Pope Francis exchanges gifts with Lebanese President Michel Aoun during a private meeting at the Vatican March 21, 2022. (CNS photo/Vatican Media via Reuters)
BEIRUT — Pope Francis told Lebanon's president the country has a special place in his prayers, and he reiterated his intention to visit.
During his March 21 meeting at the Vatican with President Michel Aoun, a Maronite Catholic, Pope Francis noted that, despite the current tense international situation, "Lebanon does not lose sight of concerns of the Holy See," Lebanon's national news agency reported.

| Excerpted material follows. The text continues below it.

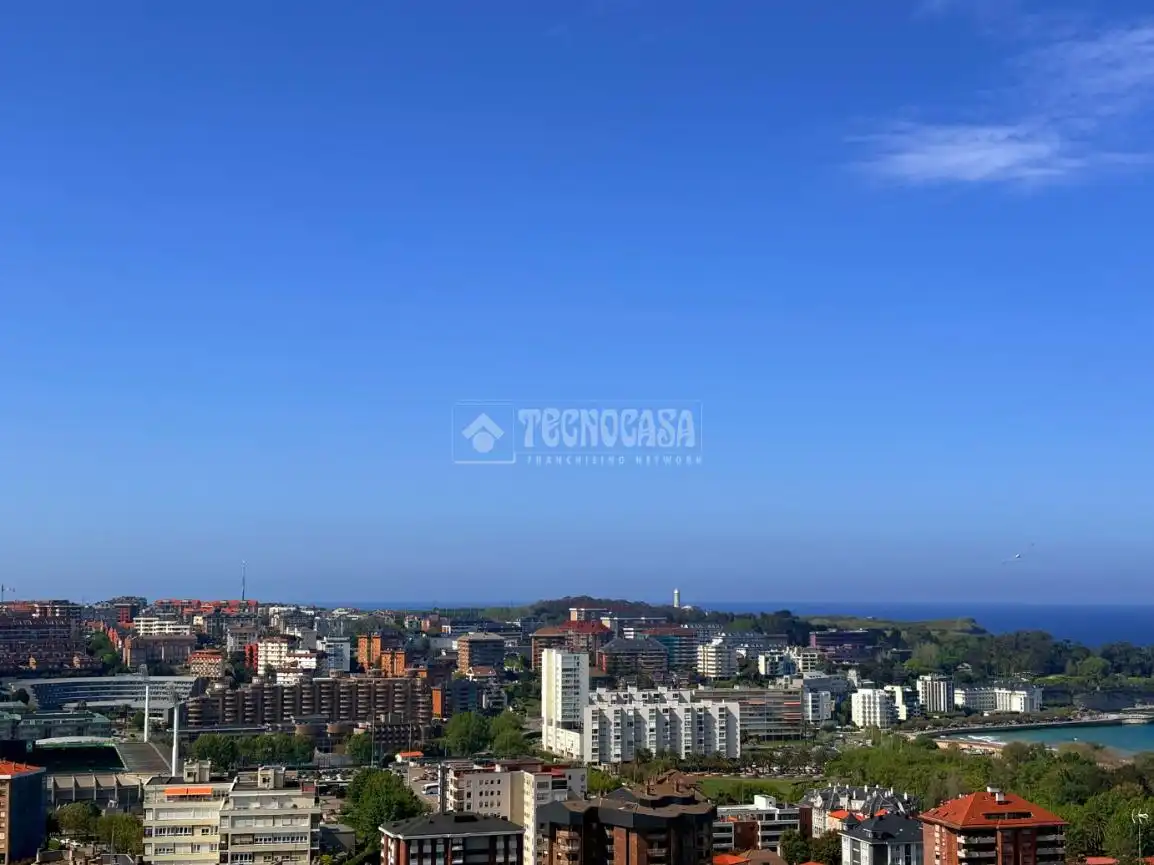 Vista exterior de Piso en venta en Santander con Calefacción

Although it was not mentioned in the official Vatican statement about the meeting, the news agency reported Pope Francis again said he intends to visit Lebanon, without specifying a possible date.
"Soon I will visit Lebanon. This is a decision I have made, because Lebanon remains ... a model for the world," Pope Francis was reported to have said.

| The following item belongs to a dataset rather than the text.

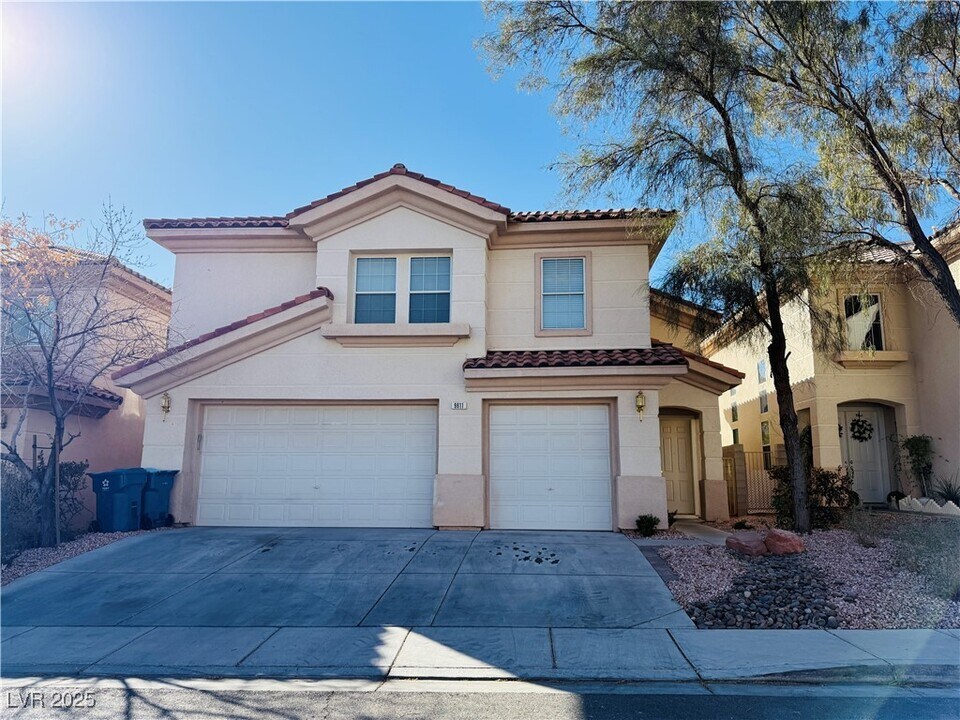 9811 Sedona Shrine Ave in Las Vegas, NV - Building Photo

"Suffering Lebanon looks forward to your visit, as a living proof of its resurrection," Aoun told Pope Francis. "We hope that your visit to our land will be realized as soon as possible."
"I am looking forward to this visit as a glimmer of hope," Aoun said, noting that a papal visit would help confirm Lebanon as a model for living together. "We still consider Lebanon today as a center of convergence in the world between Christianity and Islam."
Since 2019, Lebanon has been mired in what the World Bank has described as one of the worst financial meltdowns in history. Nearly 80% of the population has fallen into poverty in the previously middle-income country.
The Lebanese president thanked Pope Francis on behalf of the Lebanese "for your solidarity with its people during the unprecedented series of crises it is going through."
"Lebanese, Christians and Muslims, are suffering from the consequences of these crises, and they are determined together to defeat them" the president said.
"We have recently witnessed a massive wave of emigration abroad," in particular among the highly educated, Aoun told Pope Francis. This exodus, he said, "poses a threat to identity and pluralism in Lebanon and contributes to weakening the Christian presence in the East."
In early February, Archbishop Paul Gallagher, the Vatican's foreign minister, visited Lebanon.